Wayde Allen (wallen@boulder.nist.gov)
Wed, 21 Apr 1999 09:55:11 -0600 (MDT)
On Tue, 20 Apr 1999, Mac Legrandi wrote:
> 1. Can I get good results with Knox gelatine? I bought 3 boxes today.
Yes
> 2. The info I found uses black Rotring drawing ink. Would the other
> Koh-i-nor colored inks work as well?
Don't know for sure. One concern is whether the inks are designed to be
water resistant when dry. Evidently they achieve this by adding a lacquer
or shellac (don't remember which) to the wet ink. In one of my tests this
apparently separated from the ink/gelatin mixture and floated to the top
of the tissue. The resulting tissue printed with a swirl pattern caused
by this film.
> 3. I will use the plexiglass method, but how thick should the emulsion be?
Thick enough that you don't print through to the temporary support. I
usually coat the tissue somewhere between 1 to 2 mm thick, or about the
thickness of a piece of mat board. The emulsion will shrink quite a bit
when it dries, leaving the dry thickness on the order of tenths of a
millimeter.
Are you planning to use the Plexiglas for coating the tissue, or as an
intermediate support in a double transfer? I don't think I'd suggest you
start out with a double transfer, but that is just my opinion. I'm still
fiddling with the single transfer process, and adding a second transfer
step looks to me like just another place for something to go wrong.

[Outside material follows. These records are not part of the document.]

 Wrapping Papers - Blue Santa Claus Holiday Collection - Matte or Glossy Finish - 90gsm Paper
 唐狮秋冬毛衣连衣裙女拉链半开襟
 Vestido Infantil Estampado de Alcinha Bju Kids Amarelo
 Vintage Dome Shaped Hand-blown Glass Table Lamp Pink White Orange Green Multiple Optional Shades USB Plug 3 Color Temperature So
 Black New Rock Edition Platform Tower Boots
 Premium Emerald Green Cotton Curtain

> 4. Can the sensitizer be brushed on rather than tray soaked?
So I've read. I've never tried that.
> 5. After exposure, I'm a bit unclear how you transfer the gelatine to
> paper. I understand the paper must be sized with gelatine first.

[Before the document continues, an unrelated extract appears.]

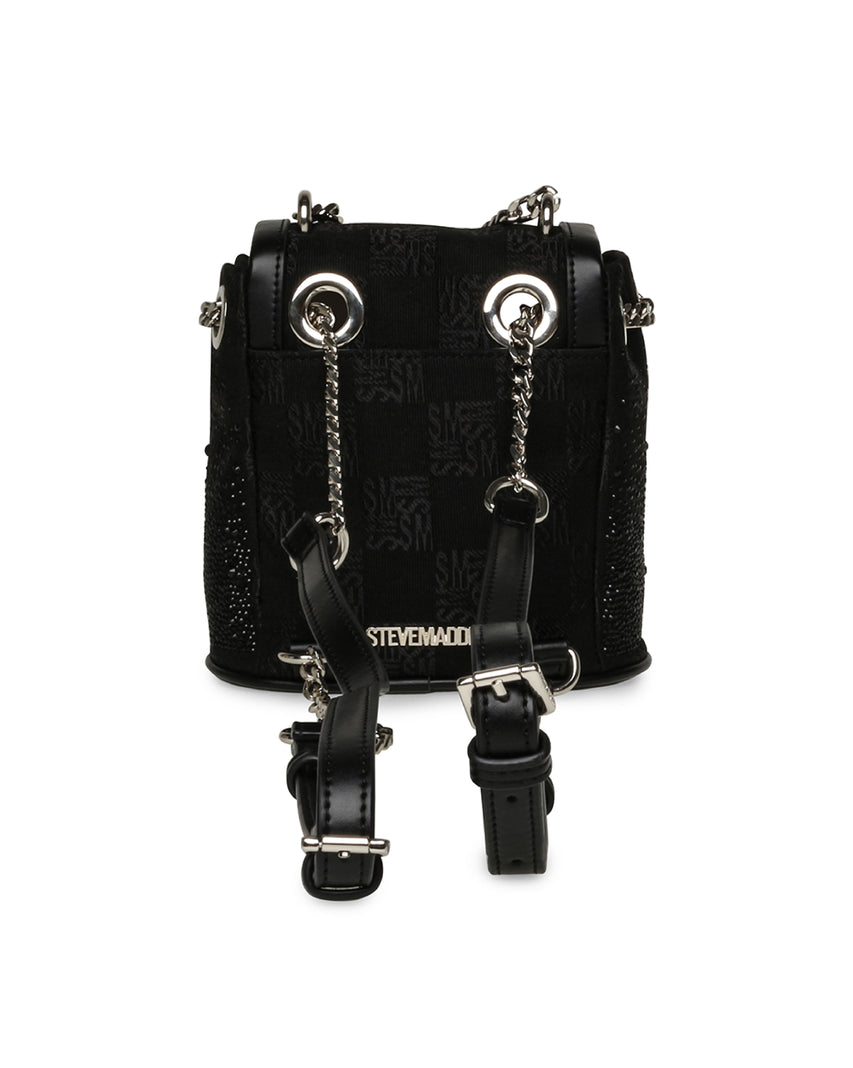 【線上獨家款】BBROOKS-12 低調閃鑽鏈帶小後背包-黑色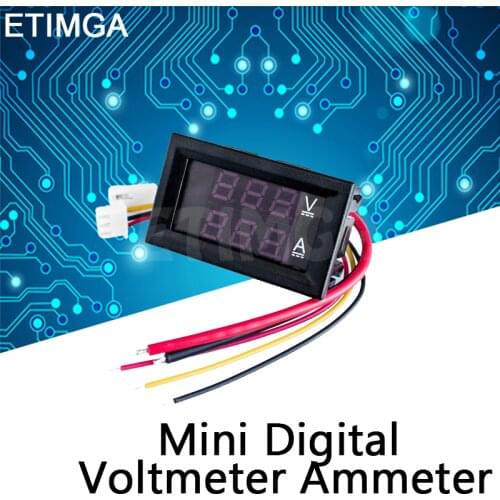 Mini Digital Voltmeter Ammeter DC 100V 1A 10A Panel Amp Volt Voltage Current Meter Tester 0.28" Blue Red Dual LED Display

Float the tissue and the final support paper together in cold water,
remove them from the water and place on a smooth hard surface (glass or
Plexiglas works well) and squeegee them together working from the center
to the edges. They will probably slip a bit at first, but that shouldn't
be a problem. I then press the sandwich under some blotting paper and a
convenient weight for about 10 minutes. The next step is to develop the
sandwich in hot water (100 - 110 degrees Fahrenheit). The temporary
support paper is peeled off after the gelatin has softened (2- 5 minutes).